Take care that you yourselves are not tempted. Bear one another’s burdens, and in this way you will fulfill the law of Christ. For if those who are nothing think they are something, they deceive themselves. All must test their own work; then that work, rather than their neighbor’s work, will become a cause for pride. For all must carry their own loads. Those who are taught the word must share in all good things with their teacher.

Do not be deceived; God is not mocked, for you reap whatever you sow. If you sow to your own flesh, you will reap corruption from the flesh; but if you sow to the Spirit, you will reap eternal life from the Spirit. So let us not grow weary in doing what is right, for we will reap at harvest time, if we do not give up. So then, whenever we have an opportunity, let us work for the good of all, and especially for those of the family of faith. (Galatians 6:1-10)

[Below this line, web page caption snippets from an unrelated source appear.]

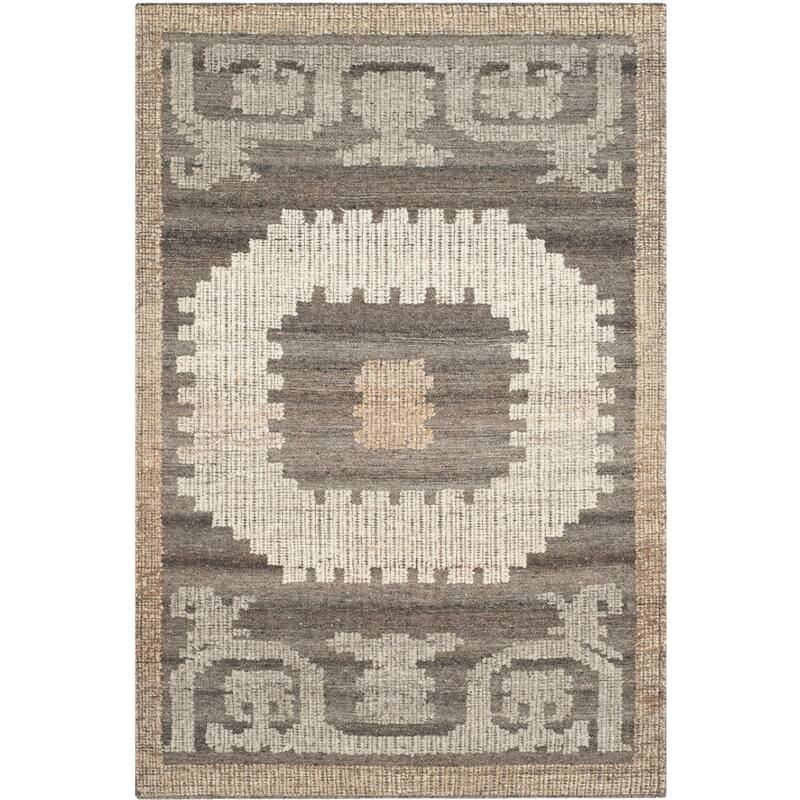 SAFAVIEH Hand-knotted Kenya Vaimi Southwestern Tribal Wool Rug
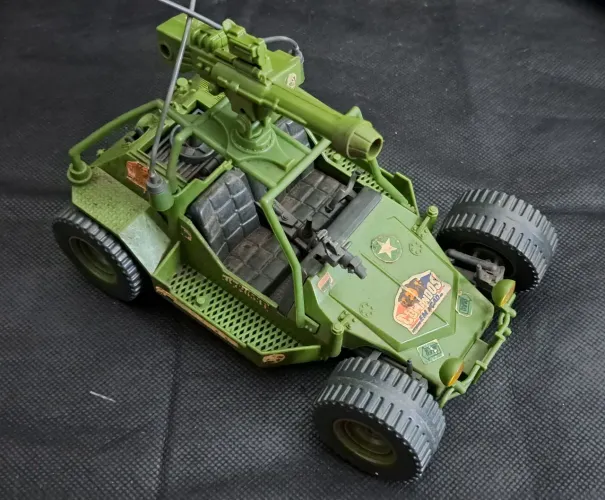 Buggy cross tático comamdos em ação (vintage colecionador) 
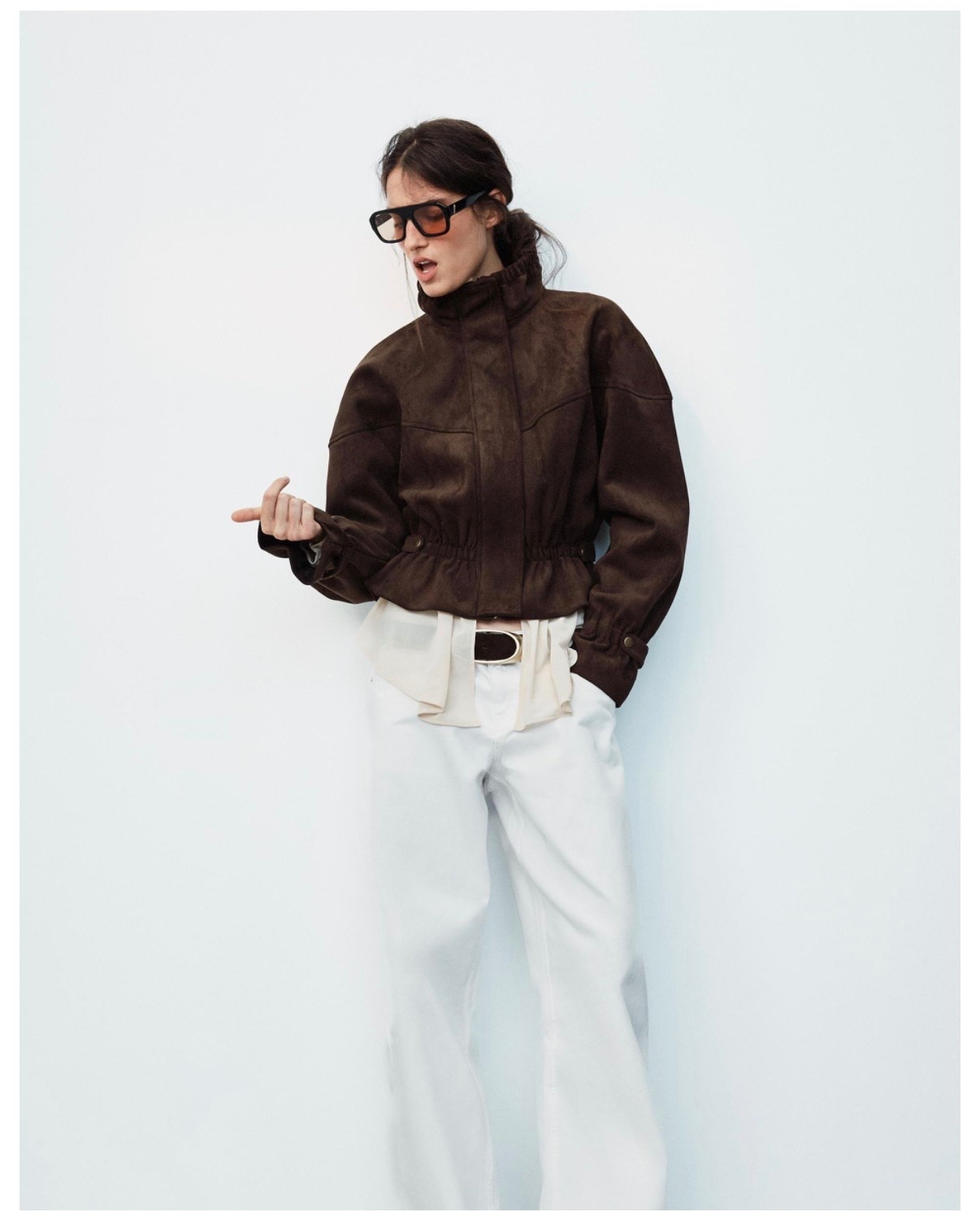 Zara crop jackets suede and more for Fall workwear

The lyrics to a powerful-but-admittedly secular tune by the rock group Pink Floyd well express the spirituality of Paul’s heart as well as mine:

On the turning away/From the pale and downtrodden

And the words they say/Which we won’t understand

Don’t accept that what’s happening/Is just a case of others’ suffering

Or you’ll find that you’re joining in/The turning away

In the bearing of one another’s burdens, in the forgiving of those who sin against us, let there be no more turning away. By the Holy Spirit of gentleness, let there be only restoration of belonging, for Christ’s sake.

Amen, and amen!

Pastor Grant M. VanderVelden shared this message during worship on Sunday, March 19, 2023, the fourth Sunday of Lent at First Presbyterian Church in Waukon, Iowa. It is the third of his Lenten series, “Called to Repentance: Working on Our Relationships.” Reporting by Sheryl Gay Stolberg and reflection by Ardee Coolidge inform the message.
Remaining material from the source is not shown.